HER WINTER vacation plans include Christmas in Aspen with Barbara, who is still recovering from a painful auto accident.
“She’s doing better each day,” Mandrell said. “Right now, it’s just a matter of time. I feel lost because people say, ‘How much time?’ We don’t know. She’s got a serious broken leg, and her ankle’s broke, and her knee is banged up – all of it on her right leg. So it’s hard for us to say Barbara will be well next month, January or next March.”
Before she became a solo singer, Mandrell went through many musical stages, beginning as an electric bassist. “My mother used to play it in the Mandrell Family Band.
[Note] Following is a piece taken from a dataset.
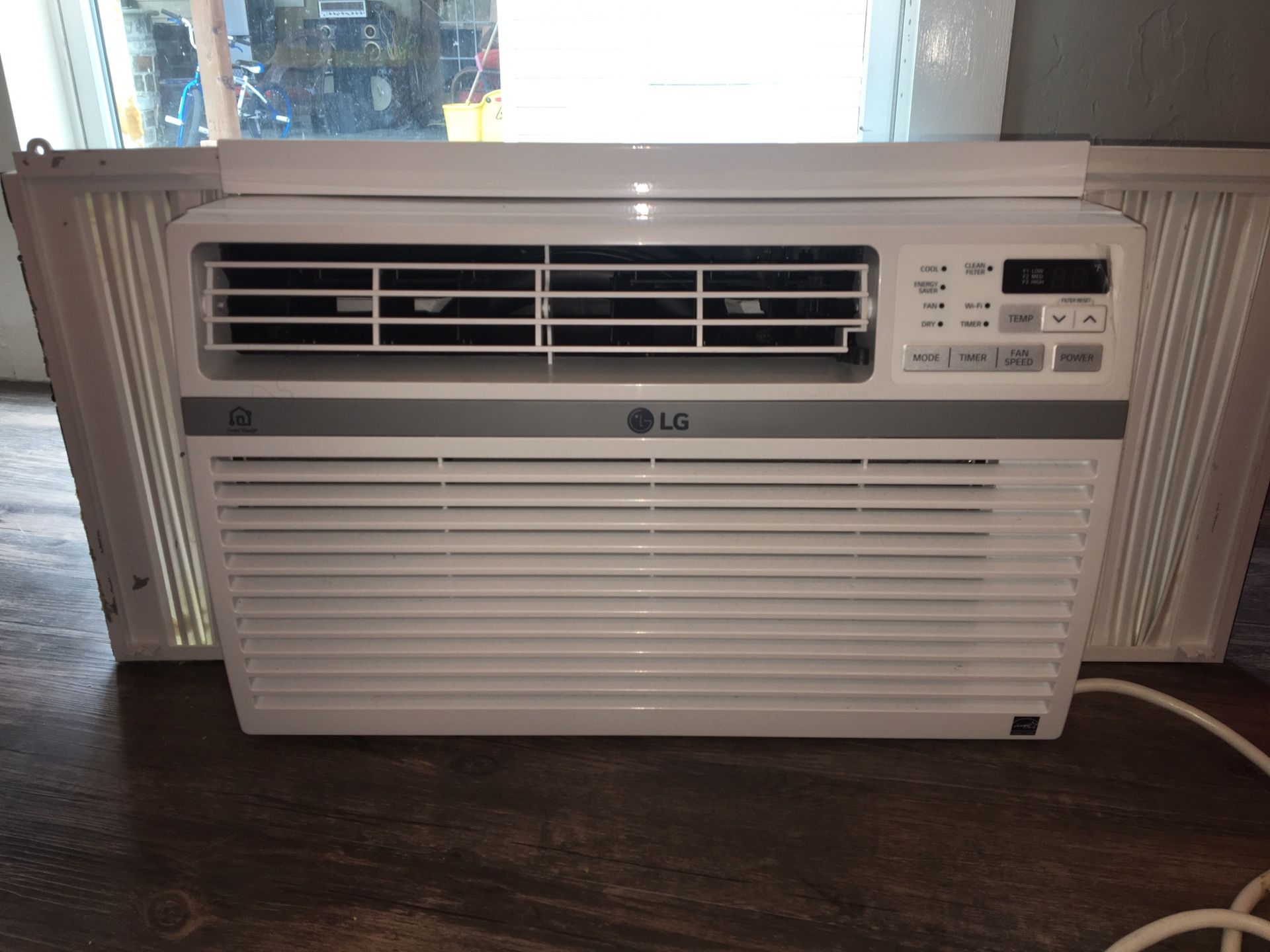 LG Window AC 8,000 BTU WIFI Enabled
She wanted to retire, and they wouldn’t let her so she taught me.”
She eventually became an original member of Barbara’s “Do-Rites” band, later backing up Grand Ole Opry star Stu Philips and spending a year with Merle Haggard.
LOUISE MANDRELL interview excerpt: “I really believe what made our show a hit wasn’t necessarily the music,” she added. “I’m not saying it didn’t help, but I feel that what made that show work was that we were honest. If we made a mistake, we laughed, we went on. People could tell we all loved each other. We could say anything to each other because we were sisters. We could pour water on the head or throw a pie … For the first year, I got so tired of hearing, ‘Do y’all really do that stuff all the time?’ Well, of course I don’t go around throwing pies at my sister. I mean, that would not be a popular thing to do.”
In 1977, Mandrell signed a recording _contract and a year later met her husband, songwriter R.C. Bannon. For the three years preceding the TV show, she performed with Bannon, releasing songs like “Reunited,” “Me and My R.C.” and “You’re My Super Woman, You’re My Incredible Man.”
On her own, she has released three albums since 1982: Close-Up, Too Hot to Sleep and the latest, I’m Not Through Loving You Yet. The title reached number seven on Billboard’s country charts, and “This Bed Is Not Big Enough” has just been released.
MANDRELL HAS a reputation for mounting lively, energetic and colorful stage productions. This year, the word patriotic can be added to that description.
“I feel people aren’t just coming to my concert to say, ‘Okay, sing your records,” she said. “Hopefully, they like Louise Mandrell and want to know more about her.” In preparing for the current tour, “I said I want to do an American tribute and I don’t want to sing the same stuff everybody else sings. R.C. said ‘Okay, I can take care of that, I’ll write you some special material.’ I said, ‘That isn’t enough. Think for a minute. Pretend we’re at a parade. Just think America, apple pie, banners. What makes a statement that says: Hey, I believe in. our country?’ ”
The answer was a combination of military songs, the Pledge of Allegiance, special songs and a precision rifle drill. “I’d never even twirled a baton,” she remarked, but the number has become the hit of her shows.
“I feel awkward after I do my number,” she said. “When they start clapping and yelling and going wild, I know It’s not for me. Or it shouldn’t be for me. It’s for what I believe in and what they believe in. That’s why, at the end of my number, I always have the veterans stand up. I don’t walk off to that applause. I sing a closer afterwards. That applause was not for me, and I can’t walk off and ignore what they just did. So I don’t leave the stage. I’m real funny about it. I don’t want people to start thinking that I took for granted what they did. They’re standing for America … I am probably one of the hammiest people you’ll meet in your life. I will take applause when I feel I deserve it.”